Recently I was rereading cultural psychologist Michele Gelfand’s 2018 book “Rule Makers, Rule Breakers: How Culture Wires Our Minds, Shapes Our Nations and Drives Our Differences.” Much of Gelfand’s work deals with the tightness-looseness theory of cultures. Tight cultures are the rule makers, places where there are clear expectations about how to behave, and loose cultures are the rule breakers, areas where assumptions about ways to behave are fuzzier and less strictly enforced. Gelfand and her colleagues investigated around 7,000 people from more than 30 countries, asking respondents about things like the freedom in social situations, the strength of their country’s norms and the disapproval that ensues from violating those norms. Based on their findings, Japan is one of the tightest nations, and the U.S. is one of the loosest.

It’s hard to argue with the notion that Japan is a country of rules, although they’re often implicit and can be breached by the courageous, eccentric or clueless.
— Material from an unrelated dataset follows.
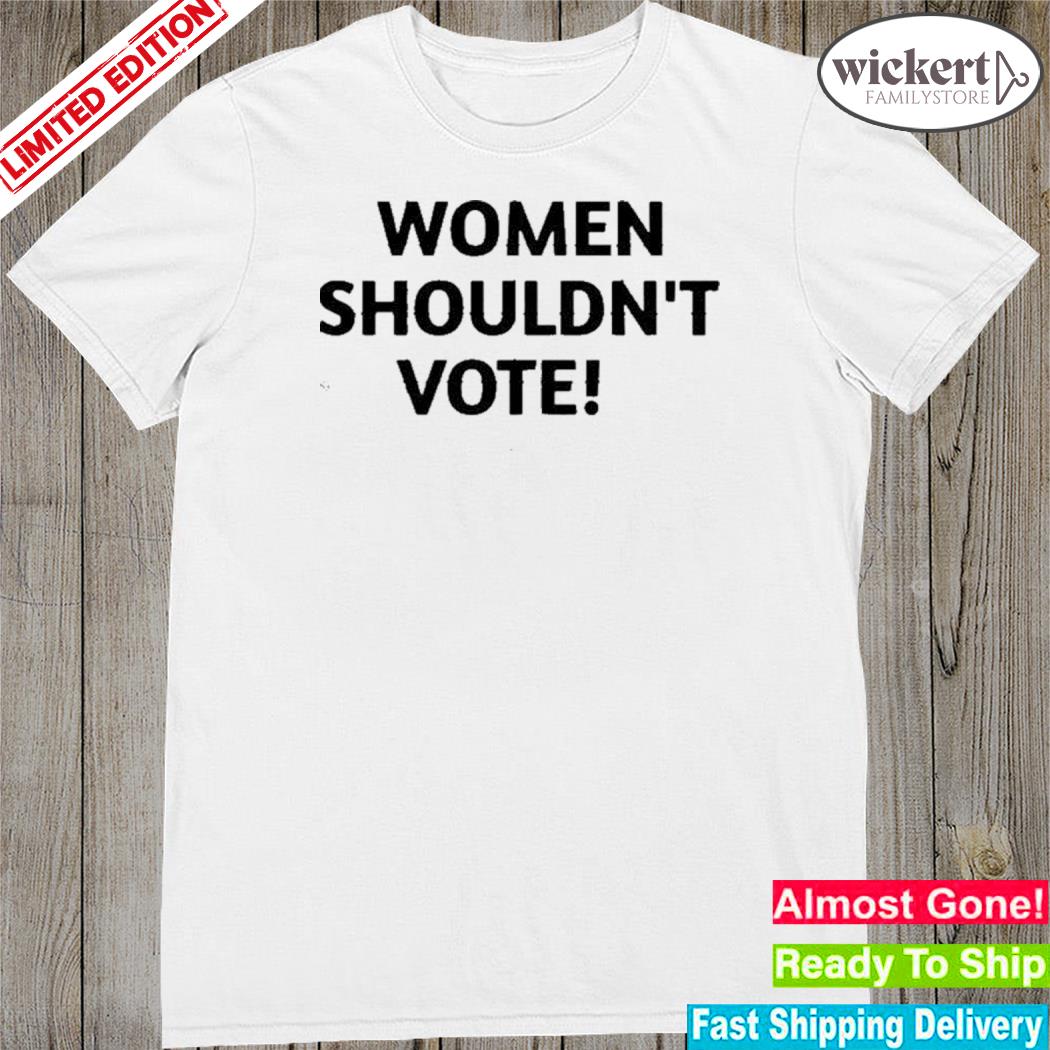 Official women shouldn't vote shirt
The point is that the surrounding people will notice the infringement and may convey disapprobation through body language or more explicit censure. It’s not that the rules can’t be broken, but that they are there, and felt to be there, in the first place.

Fuji TV’s drama series “Omameda Towako and Three Ex-husbands,” which aired earlier this year, provides a humorous example of how tacit assumptions of rules can be demonstrated through their noncompliance. Within the first minute of the first episode, Omameda is set up as a quirky character. This is done through a succession of brief anecdotes relayed by a narrator, culminating in the following announcements: “Omameda Towako, who can go into an elegant bakery in sweats”; “[She] can totally walk down a street of shops in sweats”; “If necessary [she] can ride a train”; “Even a Shinkansen.”

It should be said that Omameda is wearing a fairly new-looking matching sweatshirt and sweatpants and has just participated in an exercise class in a park. In addition, she’s got a nice trench coat on top of the sportswear. Omameda’s idiosyncratic temperament is portrayed through this flouting of social rules in cultural shorthand that would not work in a looser country in which people would scarcely register any violation of norms in this apparel being worn in these situations, if indeed any encroachment existed to begin with.

Expressing cultures as tight or loose makes sense to me at a visceral level. My body does indeed feel tighter when I’m in Japan and looser when I’m in the U.S. On trips back to see family and friends I am less expansive than everyone around me for a few days until my way of holding myself slackens. I am literally more tucked-in and buttoned-up in Japan. I came to Japan 38 years ago at age 20. Did I stay because I was naturally taut, or did Japan gradually contract me? For many people, I imagine, it’s one of those chicken-or-egg questions whose answer is likely both.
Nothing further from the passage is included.